Mas, e tocar bem? Por incrível que pareça, não é o mais importante. Primeiramente, assume-se que, se você tem uma boa presença (número de seguidores) nas redes sociais, e as pessoas se interessam pelo que você faz, provavelmente você faz um bom trabalho. Evidente que ser um grande músico ajuda, e muito, a ser notado. Acontece que ser um grande músico sem agenda, sem vídeos bem feitos, sem um trabalho consistente, dificilmente vai resultar em patrocínios.
O que as empresas querem, em resumo, é que um bom músico, com bom alcance, mostre o equipamento dela para o mundo. É simples assim. E é aí que entra a relação custo-benefício: o músico pode não ser muito conhecido, mas um time de músicos pouco conhecidos pode fazer um trabalho melhor que um músico muito conhecido. E, para um músico pouco conhecido, estar em um time de endorsees e estar associado a uma empresa, tendo acesso a instrumentos com baixo ou nenhum custo, vai ser sempre uma vantagem. Ele está sendo endossado por aquela empresa, e não o contrário.
Acontece que uma parte muito importante dessa relação é frequentemente deixada em segundo plano. Aquela empresa que te patrocina faz instrumentos que você realmente quer tocar? Ou será que você aceita tocar nestes instrumentos porque são de graça, ou quase? Será que o benefício em marketing supera a sensação de tocar com um equipamento que você realmente ama? Será que o seu som, que é, afinal, o objeto principal de toda essa história, não está sofrendo?
Muitas vezes o melhor a fazer é investir na sua carreira, aumentar sua presença através de ações inteligentes nas redes sociais – o que é possível fazer sem gastar um tostão – e botar a cara para fora de casa, tocar ao vivo. Mantenha aquela marca que você deseja sempre em foco, procure construir uma relação com ela. Aproxime-se das pessoas que trabalham com ela, invista em um relacionamento!
Empresas recebem centenas de propostas
As empresas recebem diariamente um sem número de e-mails e ligações de músicos querendo patrocínio, mas nem eles mesmos sabem o que têm a oferecer. Tocar bem é obrigação, e músicos bons não faltam. Qual é o seu diferencial? Apresente um plano de marketing, mostre que tipo de ações eficientes você pode fazer que realmente vão fazer a diferença. E o mais importante: saiba avaliar se já está pronto para buscar um contrato de endorsement. Não queime cartuchos! Eu sei que a ideia de ganhar equipamentos de graça é muito tentadora, mas não seja imediatista. Um approach errado pode lhe custar uma porta fechada para sempre.
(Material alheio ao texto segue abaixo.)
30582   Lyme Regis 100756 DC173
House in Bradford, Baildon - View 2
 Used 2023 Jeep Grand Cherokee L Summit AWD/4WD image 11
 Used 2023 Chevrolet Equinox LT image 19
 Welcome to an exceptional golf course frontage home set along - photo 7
O ideal é que músico se prepare, construa sua carreira dentro e fora da internet, crie uma imagem de credibilidade e seja autêntico. Vista-se bem, fale corretamente, faça vídeos e fotos de qualidade. Evite negatividade, polêmicas e marketing apelativo (como marcar 65 pessoas em cada postagem sua). Construa uma base de fãs que realmente aprecie seu trabalho. Quando sentir que está pronto, é hora de buscar um patrocínio. Ou, ainda melhor: se estiver realmente pronto, as empresas é que vão procurar você.